Con i proventi del calendario che avevano realizzato l’anno prima, e con l’aiuto di privati generosi – in prima fila Lucia Sanson, mamma di Andrea Imperiale (unica donna nella foto di gruppo con i volontari), che ha voluto onorare così la memoria del figlio morto nello spaventoso incidente di Gazzada dell’anno scorso – i pompieri varesini sono volati a metà giugno alla volta di Mazabuka, un villaggio nella diocesi di Monze dove i varesini hanno inciso e incidono ancora ora molto.
Innanzitutto, Mazabuka è nella diocesi di Monze, retta da un vescovo di Varese, Monsignor Emilio Patriarca.
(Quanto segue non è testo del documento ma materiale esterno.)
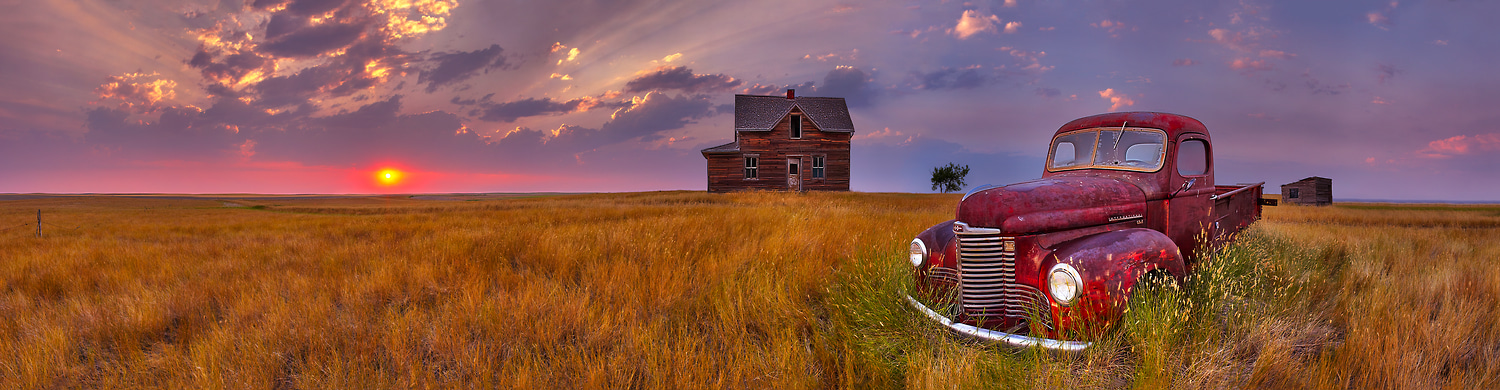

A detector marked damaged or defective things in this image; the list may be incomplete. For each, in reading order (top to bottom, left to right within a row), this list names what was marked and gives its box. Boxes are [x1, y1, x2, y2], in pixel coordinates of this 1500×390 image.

rusty red paint [900, 111, 1266, 348]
E nel villaggio di Mazabuka presta servizio don Maurizio Canclini, da Besozzo (foto): ed è proprio da lui – con la collaborazione attiva dell’associazione Amici di Don Emilio Patriarca e nell’ambito del "Progetto Africa" dei vigili del fuoco di Varese – che sono andati Renato Spreafico, caporeparto di Porto Ceresio, Mauro Innocenti, caposquadra di Cantello, Michele Fiori vigile del fuoco che presta servizio a Busto Arsizio (ma che non è nella foto di gruppo perchè a casa sua, in Sardegna, per qualche giorno) e infine Antonio Selle, di Varese, che è partito vigile del fuoco attivo come capo reparto ed è entrato in congedo il primo luglio, proprio mentre era in Africa: «Abbiamo festeggiato lì l’avvenimento, a biscottini – racconta Mauro Innocenti, che sfoggia al collo un amuleto chiaramente ricordo dell’esperienza, e spiega – Si tratta di una maschera africana, di buon auspicio. E’ realizzata dai bambini dell’oratorio di Mazabuka: che la vendono e con i proventi raccolgono i fondi per la struttura».
L’oratorio di Mazabuka è molto grande: fornisce scolarità e pasti a circa 700 bambini al giorno, che così possono avere una maggiore speranza di vita, e di vita migliore. La casa che i vigili del fuoco hanno costuito, fino al tetto, servirà per i volontari che questa struttura la mandano avanti a turno: quattro camere da due letti, due camere da un letto, due bagni, una cucina e una veranda per chi presta servizio là.
«Per me questo è solo l’inizio – promette Innocenti – conto infatti di ritornare l’anno prossimo, e sento che non sarò l’unico» con altre iniziative e altre cose da costruire,per quelle persone che: «Non semttono mai di ringraziarti anche delle cose più piccole – racconta il vigile del fuoco varesino, alla sua prima esperienza in Africa – come quei due che non smettevano mai di dirci grazie perchè avevamo condiviso con loro un panino e una bottiglietta d’acqua minerale. O quelle donne che facevano da mamma a venti bambini a testa, orfani dell’aids e che ci ringraziavano solo perchè eravamo andate a trovarle, avevamo voluto conoscerli, anche se non avevamo niente in mano».